Work order
Leave out the pictures, and reproduce exactly the lines from the line containing "Adam Stocek of" through the final line of the entries.

───── Dataset content ─────

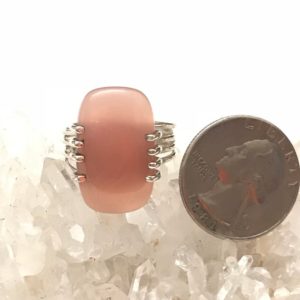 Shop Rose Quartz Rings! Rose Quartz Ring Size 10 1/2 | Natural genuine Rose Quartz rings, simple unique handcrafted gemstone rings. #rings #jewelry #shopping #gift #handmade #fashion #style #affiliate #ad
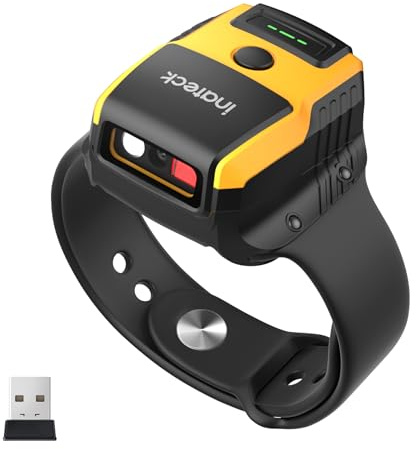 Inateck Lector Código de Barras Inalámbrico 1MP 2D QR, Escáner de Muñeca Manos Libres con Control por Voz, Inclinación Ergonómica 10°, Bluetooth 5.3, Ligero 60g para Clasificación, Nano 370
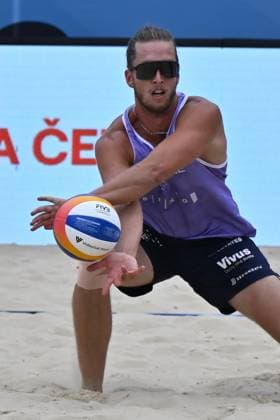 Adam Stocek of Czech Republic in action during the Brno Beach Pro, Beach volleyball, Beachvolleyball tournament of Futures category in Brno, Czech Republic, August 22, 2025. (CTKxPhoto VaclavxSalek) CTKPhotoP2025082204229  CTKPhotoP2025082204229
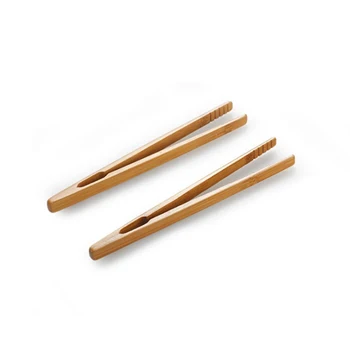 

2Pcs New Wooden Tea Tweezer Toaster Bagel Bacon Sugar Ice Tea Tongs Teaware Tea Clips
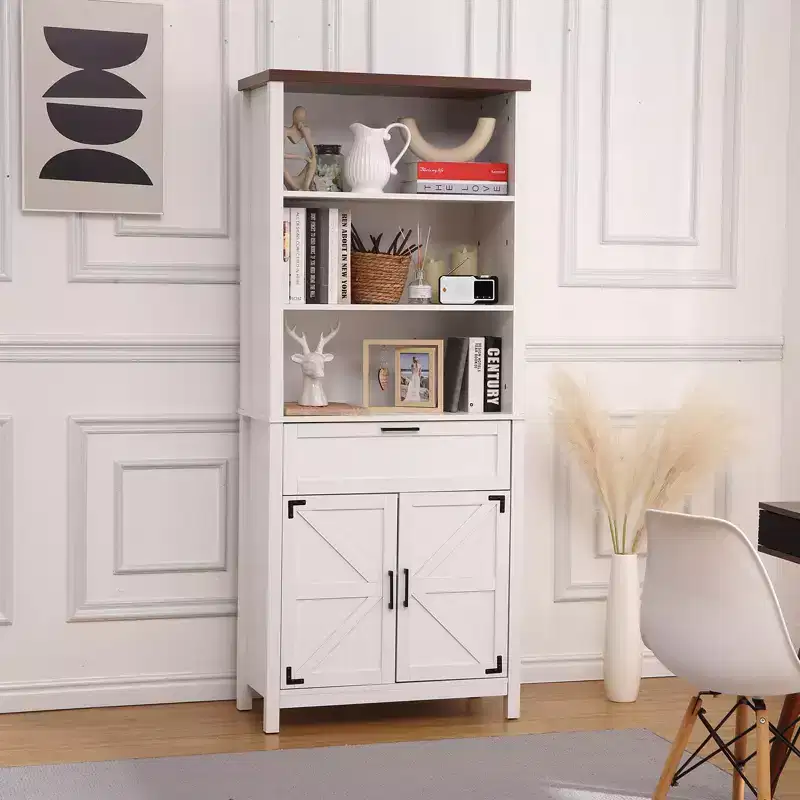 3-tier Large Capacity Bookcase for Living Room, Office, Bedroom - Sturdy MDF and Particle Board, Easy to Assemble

─────

Answer box
 Adam Stocek of Czech Republic in action during the Brno Beach Pro, Beach volleyball, Beachvolleyball tournament of Futures category in Brno, Czech Republic, August 22, 2025. (CTKxPhoto VaclavxSalek) CTKPhotoP2025082204229  CTKPhotoP2025082204229

2Pcs New Wooden Tea Tweezer Toaster Bagel Bacon Sugar Ice Tea Tongs Teaware Tea Clips
 3-tier Large Capacity Bookcase for Living Room, Office, Bedroom - Sturdy MDF and Particle Board, Easy to Assemble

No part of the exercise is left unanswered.